Referring to FIG. 8, footwear piece 1 includes a heel center cushion portion 15 positioned within aperture 45 of insole base structure 42, FIG. 3. As a result, the heel center cushion portion 15 can comprise a different material, than those used to form insole base structure 42. Thus, it is not subject to a requirement, in typical construction, of being a variation of the same materials and same types of materials as used for other portions of the insole base structure 42. Further it need not be subjected to any of the compression conditions, if a compression molding operation used to for insole base structure 42.

A variety of options are available for the heel center cushion portion 15. The heel center cushion portion 15 can comprise a single material, or a composite structure. A variety of materials are usable in the heel center cushion portion including for example: foam cushion materials; gel cushion materials; and, combinations thereof. Typically the heel center cushion portion 15 will include a gel cushion, as discussed below.

An example heel center cushion arrangement 70 usable to form the heel center cushion portion 15 is shown in FIGS. 5 and 6.

Referring first to FIG. 5, the heel center cushion portion includes: upper cushion member 72 and lower cover 73. In some applications, a heel center cushion 15 comprising only a single layer, as opposed to an upper and a lower member, can be used. However, the particular heel center cushion arrangement 70 depicted in FIGS. 5 and 6, is typical for a wide variety of footwear members.

Referring to FIG. 5, lower cover 73, for the example shown, comprises a foam piece 74. The example foam piece 74 has a periphery larger than a periphery 60a of aperture 45 and larger than the inner periphery of the recess lip 60 defined in bottom side 49 of insole base structure 42, FIG. 4. As a result during assembly, lower cover 73 can be positioned to cover aperture 45a and recessed lip 60 in bottom side 49 of insole base structure 42. Alternatives are possible.

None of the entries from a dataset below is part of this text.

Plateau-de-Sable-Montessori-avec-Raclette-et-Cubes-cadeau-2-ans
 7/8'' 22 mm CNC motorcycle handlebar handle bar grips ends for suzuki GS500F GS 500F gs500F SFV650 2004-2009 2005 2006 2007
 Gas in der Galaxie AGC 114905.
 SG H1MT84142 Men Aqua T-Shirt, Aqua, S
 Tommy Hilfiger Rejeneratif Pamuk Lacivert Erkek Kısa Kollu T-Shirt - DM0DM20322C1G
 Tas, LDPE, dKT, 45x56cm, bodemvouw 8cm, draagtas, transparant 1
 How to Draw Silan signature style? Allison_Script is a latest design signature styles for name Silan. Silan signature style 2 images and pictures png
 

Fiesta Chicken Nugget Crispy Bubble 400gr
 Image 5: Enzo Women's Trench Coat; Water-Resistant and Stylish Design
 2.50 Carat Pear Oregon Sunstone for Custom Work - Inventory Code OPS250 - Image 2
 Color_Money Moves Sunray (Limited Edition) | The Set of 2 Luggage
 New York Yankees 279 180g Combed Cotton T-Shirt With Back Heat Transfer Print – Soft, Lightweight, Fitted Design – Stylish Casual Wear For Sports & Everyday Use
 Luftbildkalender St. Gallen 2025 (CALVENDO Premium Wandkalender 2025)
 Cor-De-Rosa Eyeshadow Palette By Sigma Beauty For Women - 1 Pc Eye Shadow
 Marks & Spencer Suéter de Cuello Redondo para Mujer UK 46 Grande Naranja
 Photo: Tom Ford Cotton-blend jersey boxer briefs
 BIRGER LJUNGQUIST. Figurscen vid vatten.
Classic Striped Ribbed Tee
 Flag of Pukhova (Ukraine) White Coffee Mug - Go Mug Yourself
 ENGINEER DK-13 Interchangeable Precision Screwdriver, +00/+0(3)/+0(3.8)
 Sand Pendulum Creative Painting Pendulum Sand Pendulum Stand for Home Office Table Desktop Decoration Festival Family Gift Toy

Referring to FIG. 4, typically cover 73 would be adhered over recessed lip 60 and aperture 45, by an adhesive or similar means. However, alternate approaches such as melt bonding or melt welding, stitching etc., could be used.

Referring again to FIG. 5, upper cushion member 72 comprises a central cushion 79 in region 79a which will project through heel cut 45 to provide heel center cushion 15, in the footwear piece 1. In the example shown, upper cushion member 72 further includes a peripheral rim 80 sized to engage and overlap recessed lip 60, FIG. 4, during assembly. Thus, rim 80 is preferably sized to fit within a recessed lip 60, for convenient covering by lower cover 73 during assembly. The rim 80 provides for a mechanical interlock, preventing the cushion arrangement 70 from pressing completely through aperture 45, during assembly or use. A typical rim 80 would have a width, dimension X, FIG. 6, of 3-14 mm, although other alternatives are possible.

A variety of constructions can be used for upper cushion member 72, including single materials or composite constructions. Foam materials, for example, can be used. It is anticipated that in typical applications, for the current slipper market, the upper cushion member 72 will comprise a gel pack, typically comprising a polymeric cushion material secured within an outer envelope, package or covering.

Herein the term “gel pack” is meant to refer to a cushion package that includes a polymeric cushion having gel-like physical properties for cushioning. Typically these properties include an ability to compress appropriately under the heel of wear, and, to rebound to an original shape or nearly to an original shape, after the pressure is relieved. Some examples are described below.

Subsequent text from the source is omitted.